● **Material for the task**
=== Begin Enclosure ===
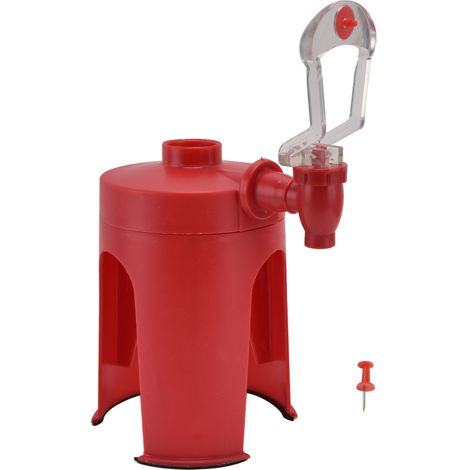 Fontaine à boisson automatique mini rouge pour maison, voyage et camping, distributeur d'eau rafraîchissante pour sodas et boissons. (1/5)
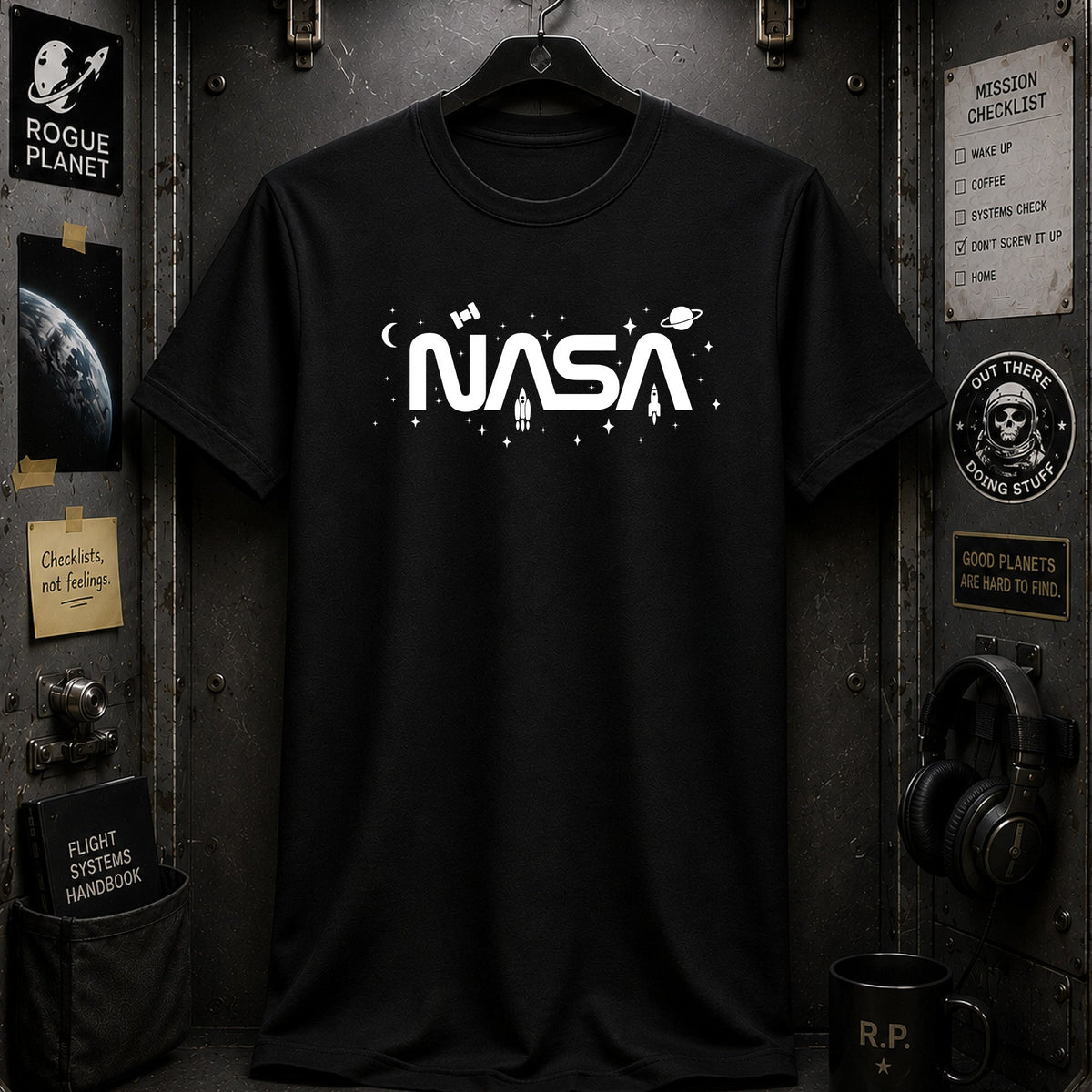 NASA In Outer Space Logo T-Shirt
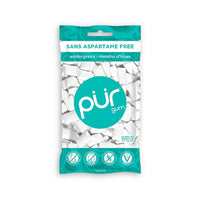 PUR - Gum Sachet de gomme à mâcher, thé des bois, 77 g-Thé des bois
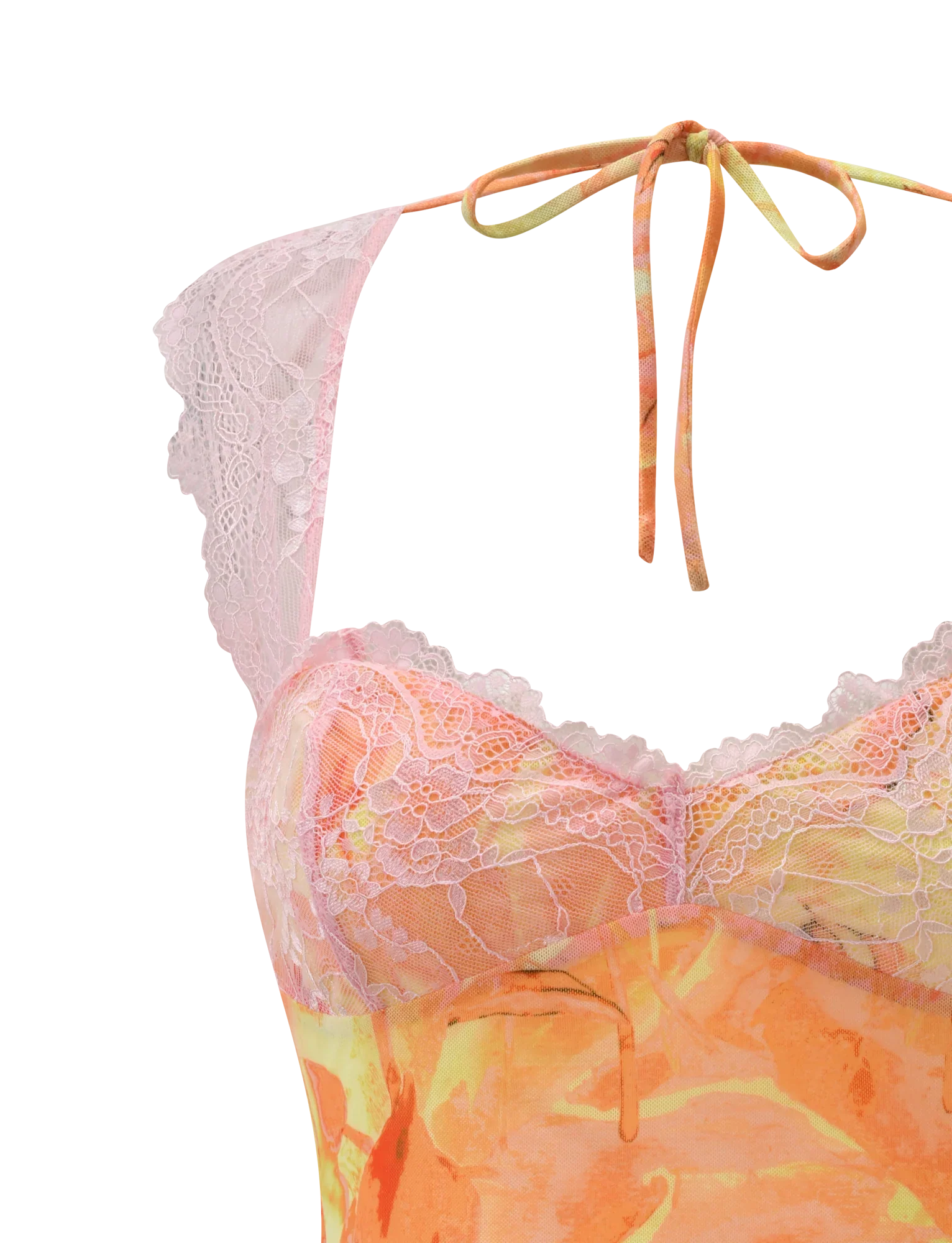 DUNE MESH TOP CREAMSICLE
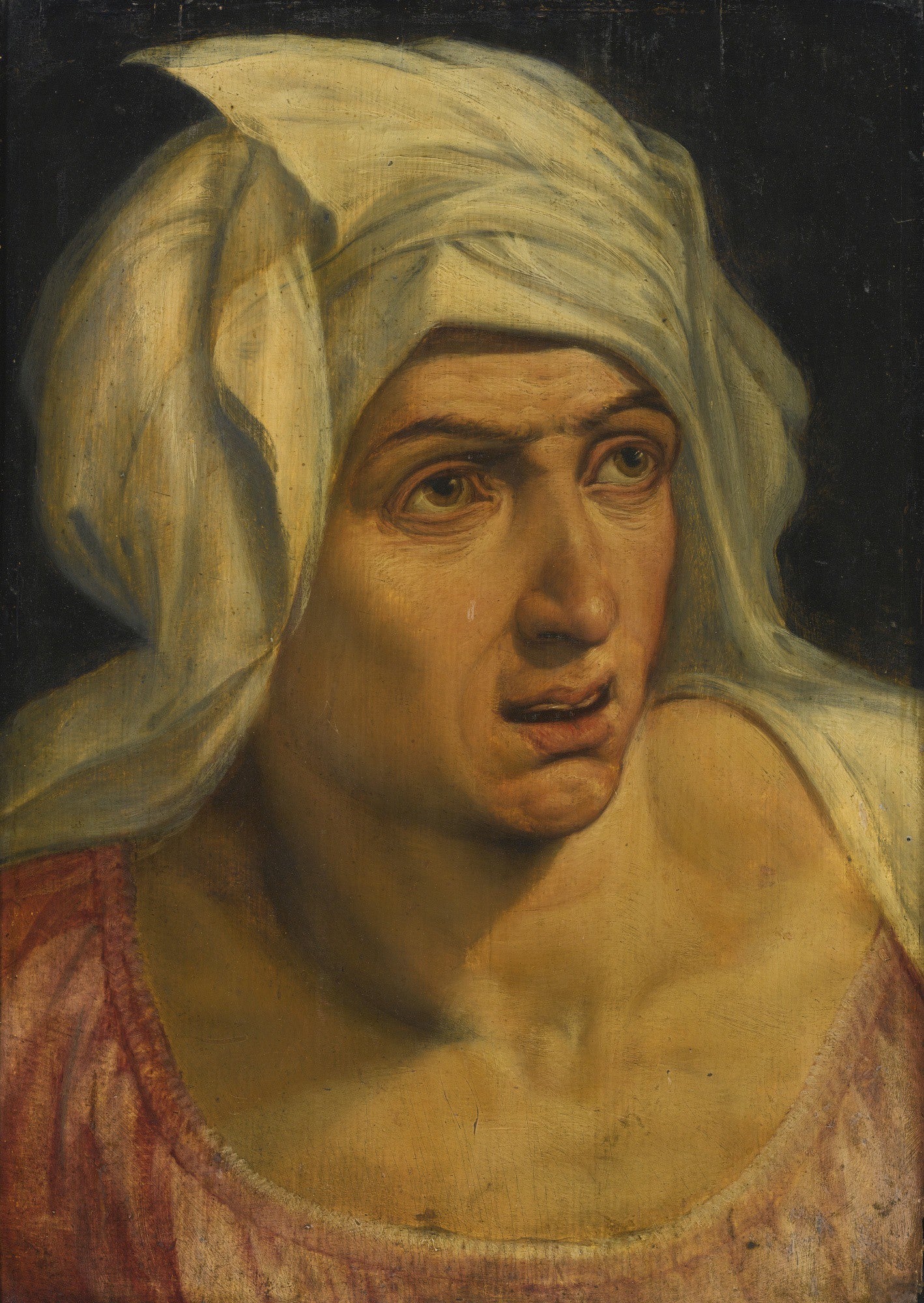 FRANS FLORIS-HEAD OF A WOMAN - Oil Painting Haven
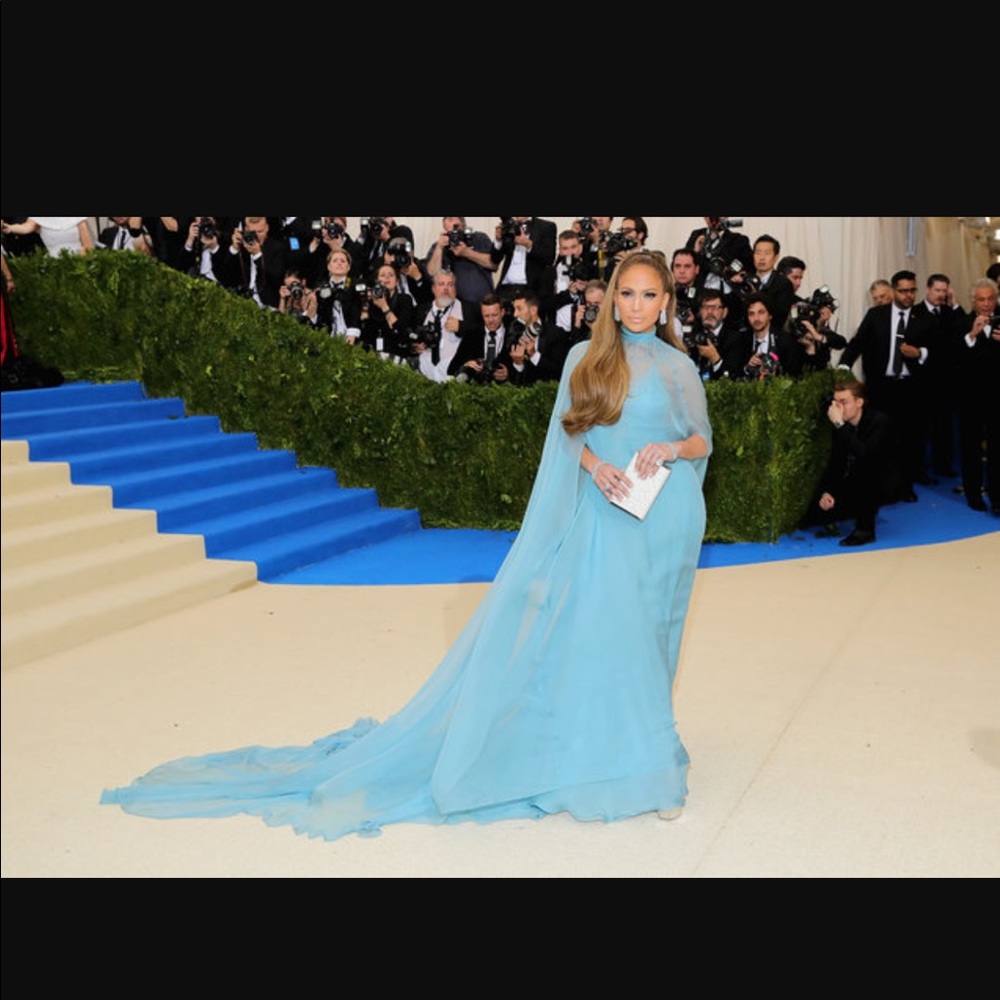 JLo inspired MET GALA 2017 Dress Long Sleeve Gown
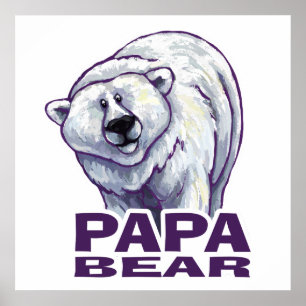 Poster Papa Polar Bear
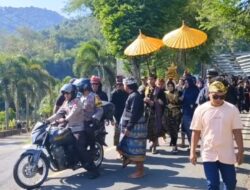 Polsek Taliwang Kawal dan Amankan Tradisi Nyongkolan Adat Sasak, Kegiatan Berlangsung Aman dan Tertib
=== End Enclosure ===
● **Exercise description**
Return the data above in its exact wording, with none of the pictures.

● **Response for this exercise**
 Fontaine à boisson automatique mini rouge pour maison, voyage et camping, distributeur d'eau rafraîchissante pour sodas et boissons. (1/5)
 NASA In Outer Space Logo T-Shirt
 PUR - Gum Sachet de gomme à mâcher, thé des bois, 77 g-Thé des bois
 DUNE MESH TOP CREAMSICLE
 FRANS FLORIS-HEAD OF A WOMAN - Oil Painting Haven
 JLo inspired MET GALA 2017 Dress Long Sleeve Gown
 Poster Papa Polar Bear
 Polsek Taliwang Kawal dan Amankan Tradisi Nyongkolan Adat Sasak, Kegiatan Berlangsung Aman dan Tertib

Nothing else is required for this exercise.